Epoch 0 – Loss: 0.35371
Epoch 1000 – Loss: 0.25000
Epoch 2000 – Loss: 0.24955
Epoch 3000 – Loss: 0.24767
Epoch 4000 – Loss: 0.23425
Epoch 5000 – Loss: 0.17842
Epoch 6000 – Loss: 0.06636
Epoch 7000 – Loss: 0.02008
Epoch 8000 – Loss: 0.01001
Epoch 9000 – Loss: 0.00636
Training complete. Weights saved in 'model_weights/'.

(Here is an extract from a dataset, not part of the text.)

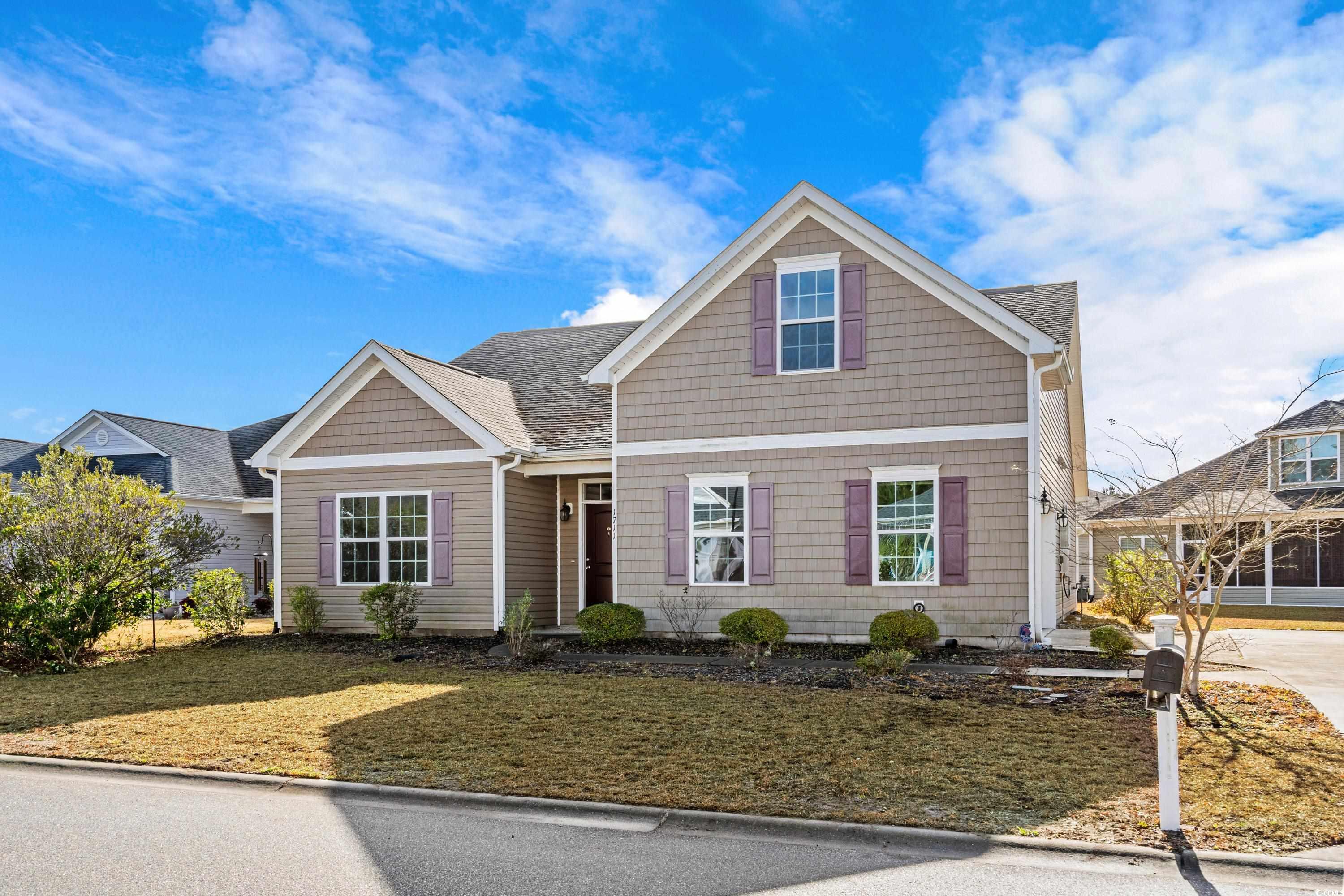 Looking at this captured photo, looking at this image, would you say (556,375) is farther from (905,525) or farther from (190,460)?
(190,460)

Step 4: Testing the Network
1. Create test.py to evaluate our trained model. This verifies if our network learned the XOR function correctly:
nano test.py
Add the following code.
import cupy as cp
from nn import SimpleNeuralNetwork
# XOR input
X = cp.array([[0, 0],
[0, 1],
[1, 0],
[1, 1]])
# Load model
nn = SimpleNeuralNetwork(input_size=2, hidden_size=4, output_size=1)
nn.load_model()
# Predict
output = nn.forward(X)
print("Predicted Output:")
print(cp.round(output, 3).get()) # Move to CPU and print
2. Run the test script to see the predictions:
python3 test.py
The output shows how well our network approximates the XOR function. Values close to 0 or 1 indicate successful learning.
Predicted Output:
[[0.07 ]
[0.935]
[0.935]
[0.07 ]]
Conclusion
In this tutorial, we’ve successfully implemented a neural network from scratch using CuPy on an Ubuntu GPU server. By leveraging GPU acceleration through CuPy, we achieved significant performance improvements over traditional CPU-based implementations. The comprehensive solution, from environment setup to training and testing, demonstrates how accessible GPU computing can be for deep learning tasks.